The haunted happenings started in 1799 in the Machiasport*, Maine home of Captain Abner Blaisdel. Throughout the year the Blaisdel family heard odd sounds in their home, but although they thought it unusual they didn't worry much about it. In early 1800 the noises became louder and more easily identifiable.
It was a woman's voice, and it was coming from their cellar.
The voice claimed it belonged to one Nelly Butler, the recently deceased wife of nearby resident Captain George Butler. Nelly's ghost chatted with the Blaisdel family for a while, and eventually they summoned Nelly's father, David Hooper. Mr. Hooper came to the Blaisdel's cellar a skeptic, but left convinced that it was indeed his daughter's spirit talking to him.
In the spring of that year Nelly became visible, appearing first to one of the Blaisdel children as a glowing female form floating over the fields. Soon she began appearing as a glowing white shape in the Blaisdel's cellar, where she would lecture large crowds of people about the Bible and their moral (and immoral) behavior. Eventually, Nelly began appearing in the woods and farms around town, and in the Hooper and Butler family homes.

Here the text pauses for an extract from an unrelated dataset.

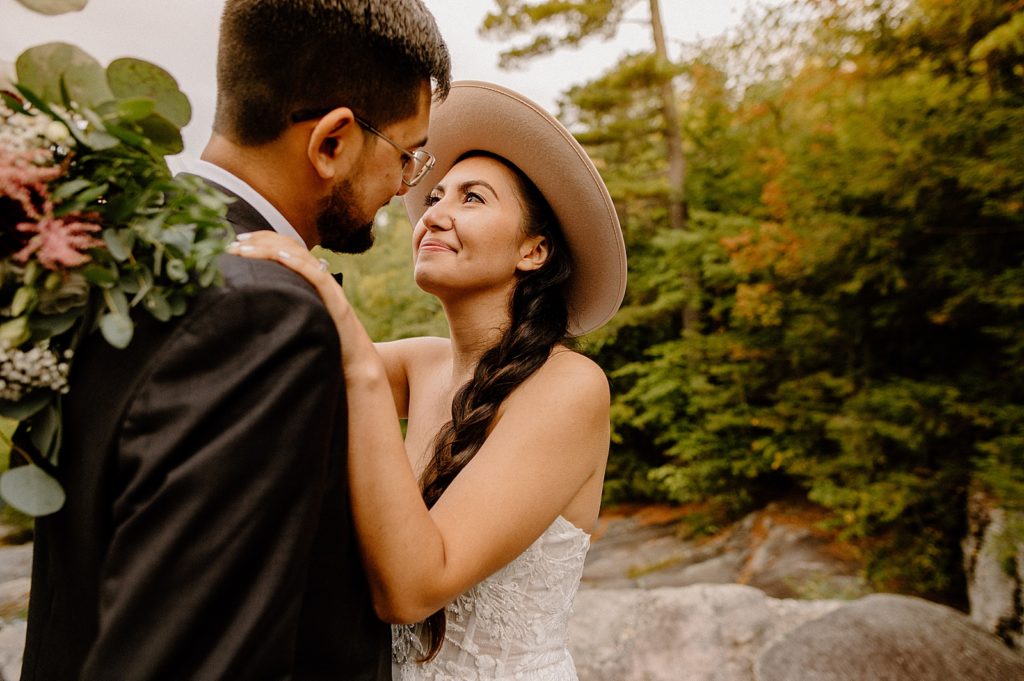 Bride with hat on with arms around Groom by outdoor forest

Nelly also delivered prophecies, accurately predicting that Capt. Blaisdel's wife and father would die, and that her own widowed husband Captain Butler would marry Blaisdel's daughter Lydia. Nelly appeared at their wedding, and sadly predicted that Lydia would be dead within ten months. That prophecy also came true. (It also silenced local gossips who thought Nelly's ghost was really a hoax created by Lydia Blaisdel - Nelly continued to appear after Lydia died.)
Reverend Abraham Cummings, a local clergyman remained skeptical. He thought Nelly's ghost was clearly a hoax perpetuated by Captain Blaisdel himself. But he changed his mind after encountering Nelly, who appeared to him along the road as a ball of white light that changed to a woman "with rays of light shining from her head all about, and reaching to the ground." Rev. Cummings later wrote about his meeting with the ghost in a pamphlet called Immortality Proved by the Testimony of Science.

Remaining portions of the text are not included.